____ Data excerpts
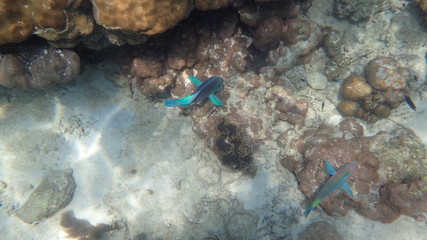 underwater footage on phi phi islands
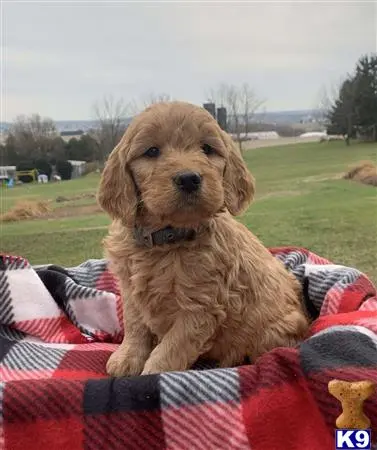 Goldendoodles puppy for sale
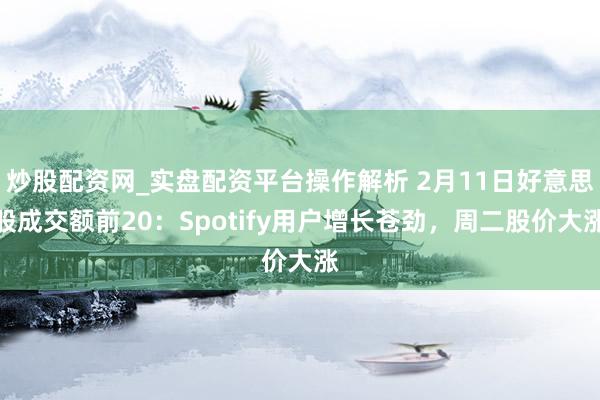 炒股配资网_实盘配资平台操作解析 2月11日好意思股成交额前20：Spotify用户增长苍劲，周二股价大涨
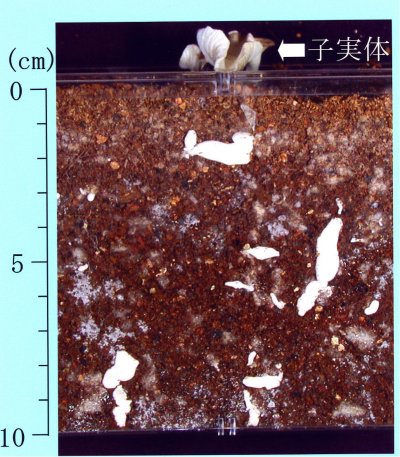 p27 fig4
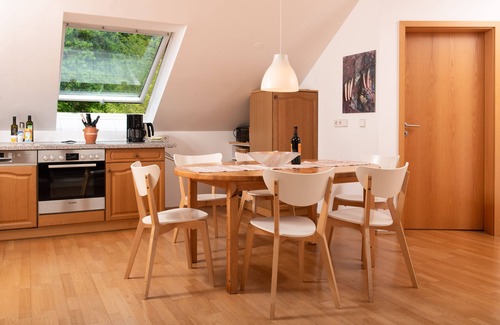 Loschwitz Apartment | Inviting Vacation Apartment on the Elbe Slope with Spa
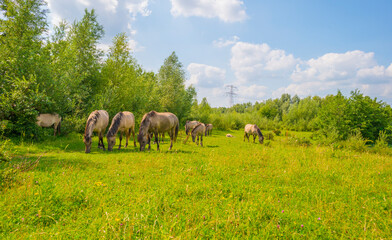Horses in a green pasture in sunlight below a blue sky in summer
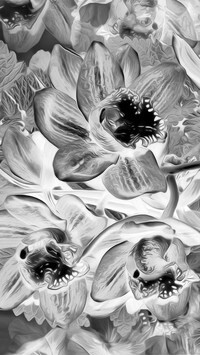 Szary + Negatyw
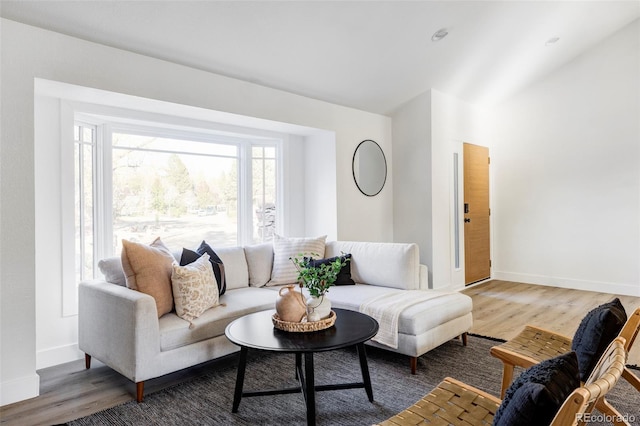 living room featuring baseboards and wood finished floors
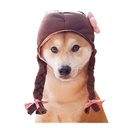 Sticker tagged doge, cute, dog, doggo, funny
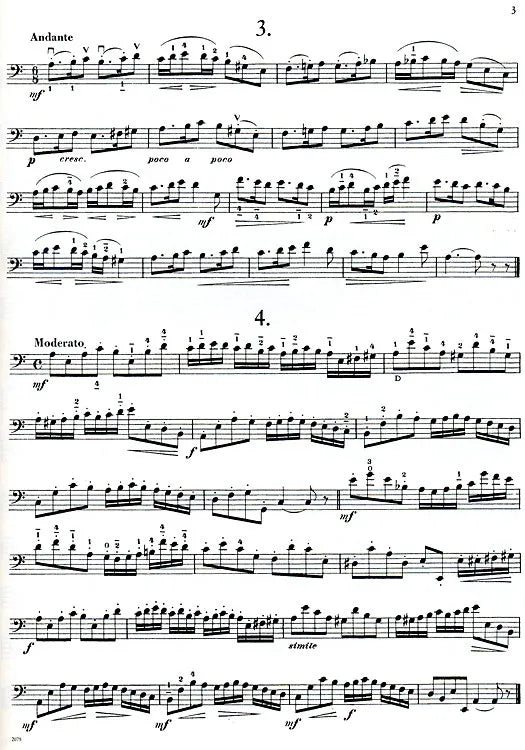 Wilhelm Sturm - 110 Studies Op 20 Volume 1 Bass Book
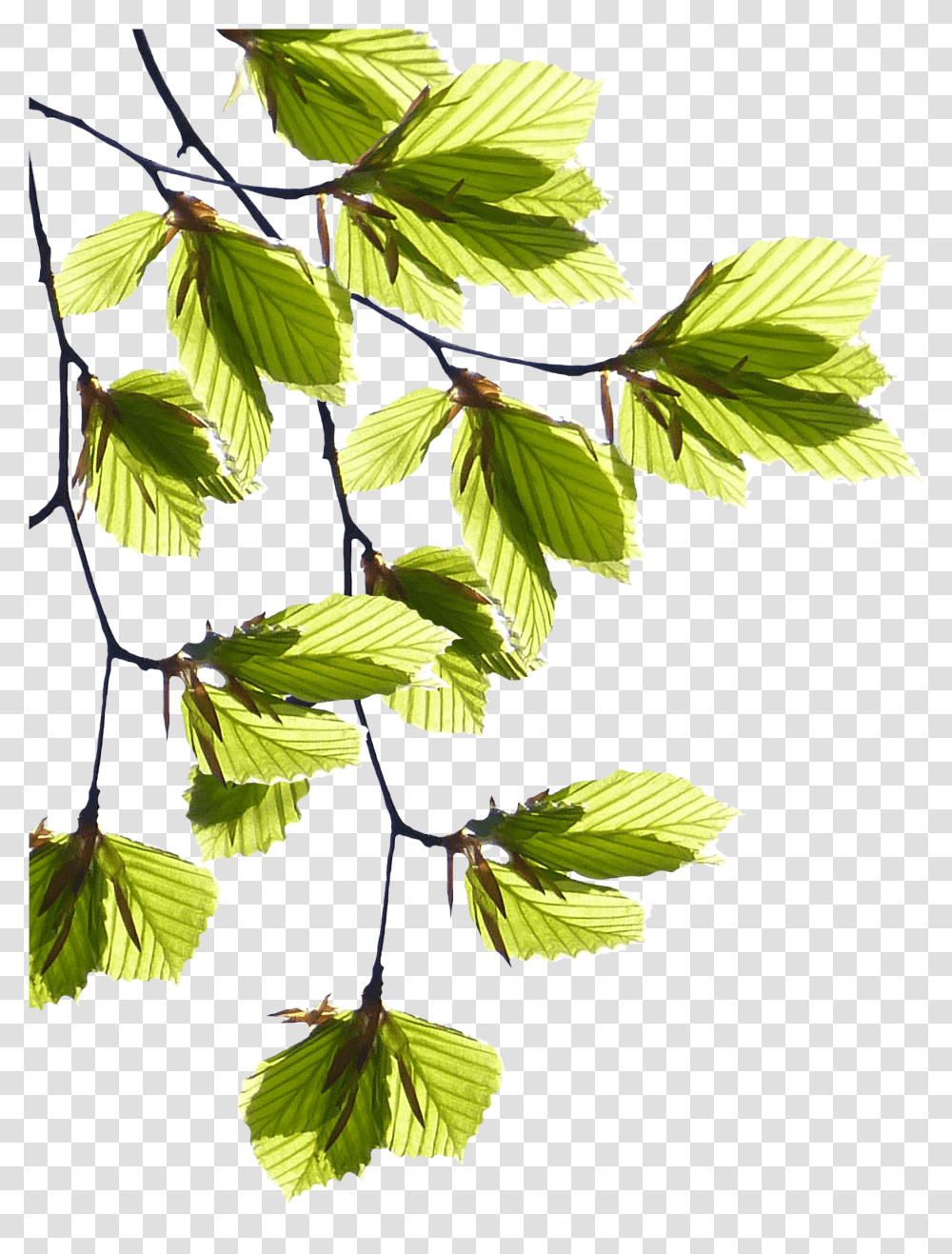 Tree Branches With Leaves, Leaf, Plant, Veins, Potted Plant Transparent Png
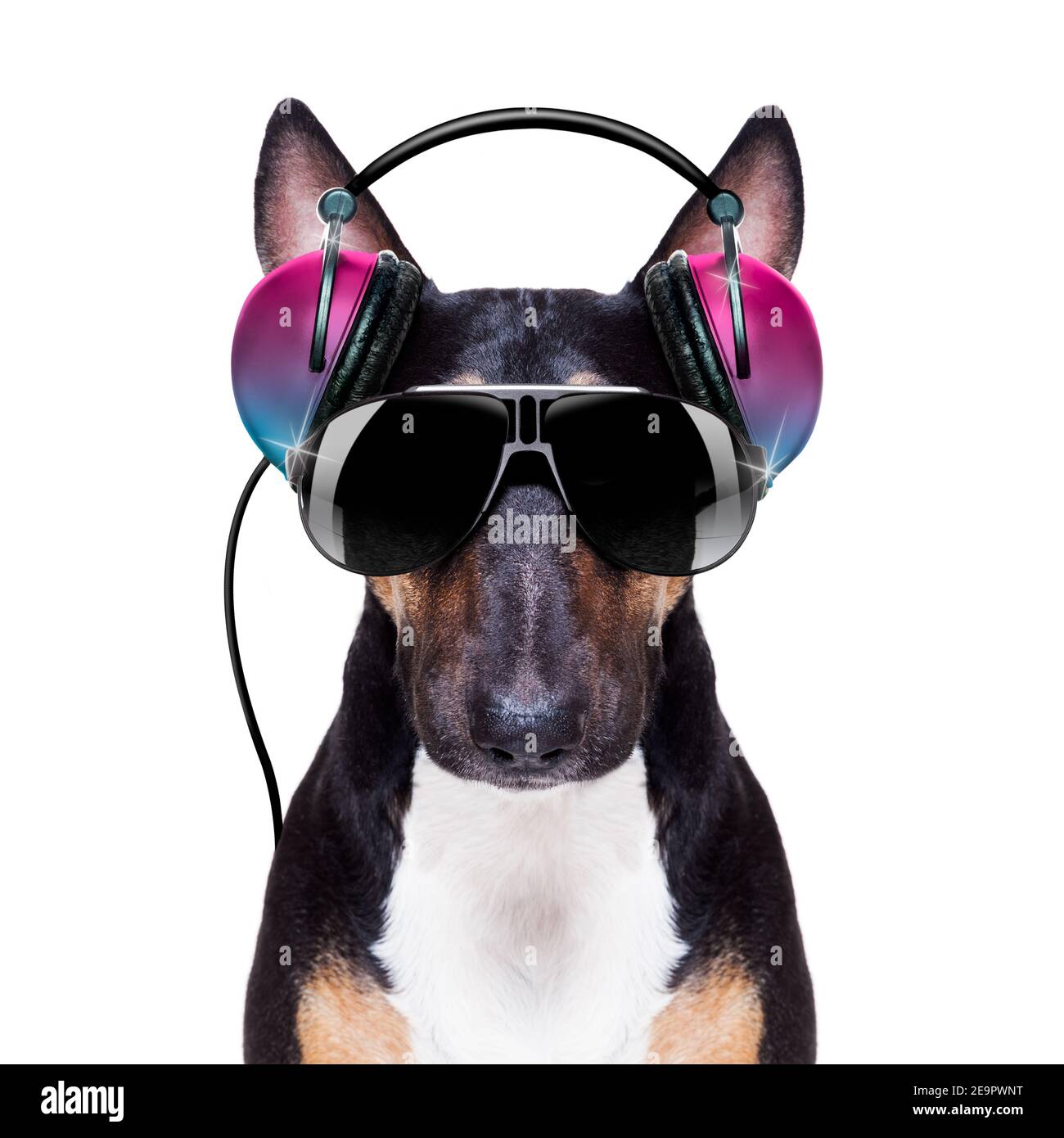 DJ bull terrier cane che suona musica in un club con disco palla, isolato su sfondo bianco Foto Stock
________
■ How to complete this task ■
Exact reproduction of the entries above is required, with pictures excluded.

■ Exercise solution ■
 underwater footage on phi phi islands
 Goldendoodles puppy for sale
 炒股配资网_实盘配资平台操作解析 2月11日好意思股成交额前20：Spotify用户增长苍劲，周二股价大涨
 p27 fig4
 Loschwitz Apartment | Inviting Vacation Apartment on the Elbe Slope with Spa
Horses in a green pasture in sunlight below a blue sky in summer
 Szary + Negatyw
 living room featuring baseboards and wood finished floors
 Sticker tagged doge, cute, dog, doggo, funny
 Wilhelm Sturm - 110 Studies Op 20 Volume 1 Bass Book
 Tree Branches With Leaves, Leaf, Plant, Veins, Potted Plant Transparent Png
 DJ bull terrier cane che suona musica in un club con disco palla, isolato su sfondo bianco Foto Stock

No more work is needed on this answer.